More than 18,000 Rohingya Muslims, many sick and some with bullet wounds, have fled the worst violence to grip northwest Myanmar in at least five years, while thousands more are stuck at the Bangladesh border or scrambling to reach it.
Friday’s series of coordinated attacks by Rohingya insurgents on security forces in the north of Myanmar’s Rakhine state and ensuing clashes triggered the Rohingya exodus, while the government evacuated thousands of Rakhine Buddhists.
Since the attacks, about 18,445 Rohingya - mostly women and children - have registered in Bangladesh, the International Organisation for Migration (IOM) said on Wednesday.
“They are in a very, very desperate condition,” said Sanjukta Sahany, who runs the IOM office in the southern town of Cox’s Bazar near the border.
“The biggest needs are food, health services and they need shelter.
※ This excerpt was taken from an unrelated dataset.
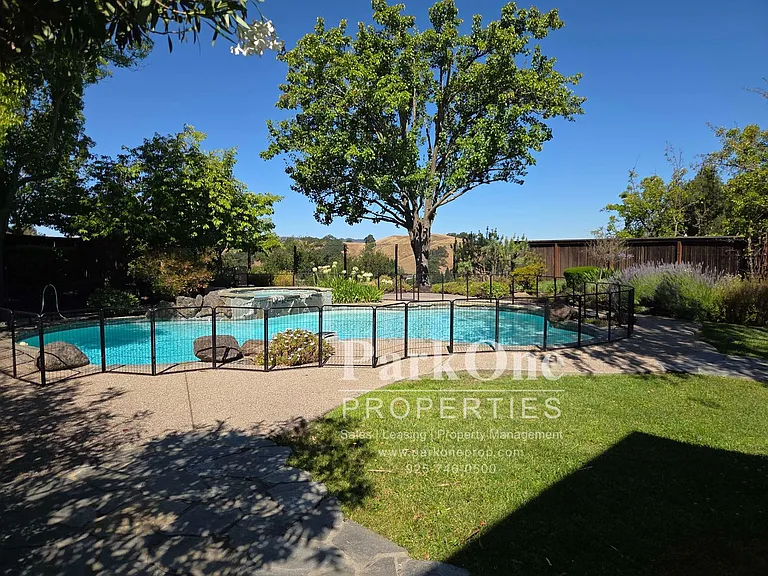 6 Westward Ln — Photo 27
They need at least some cover, some roofs over their heads.”
Sahany said many crossed “with bullet injuries and burn injuries,” and that aid workers reported that some refugees “gave a blank look” when questioned.
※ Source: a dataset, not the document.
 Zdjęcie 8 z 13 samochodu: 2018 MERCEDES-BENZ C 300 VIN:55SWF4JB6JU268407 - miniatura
“People are traumatised, which is quite visible.”
The UN, while condemning the militant attacks, has pressured Myanmar to protect civilian lives without discrimination and appealed to Bangladesh to admit those fleeing the military counteroffensive.
At least 109 people have been killed in the clashes with insurgents, Myanmar says, most of them militants but also members of the security forces and civilians.
The treatment of about 1.1m Muslim Rohingya in Myanmar is the biggest challenge facing national leader Aung San Suu Kyi, who has been accused by Western critics of not speaking out for a minority that has long complained of persecution.
The Rohingya are denied citizenship in Myanmar and regarded as illegal immigrants, despite claiming roots that date back centuries.
The violence marks a dramatic escalation of a conflict that has simmered since October, when a similar, but much smaller, series of Rohingya attacks on security posts prompted a fierce military response, in which the UN has said security forces probably committed crimes against humanity.
“The situation is very terrifying, houses are burning, all the people ran away from their homes, parents and children were divided, some were lost, some are dead,” Abdullah, 25, a Rohingya from the region of Buthidaung, told reporter, struggling to hold back tears.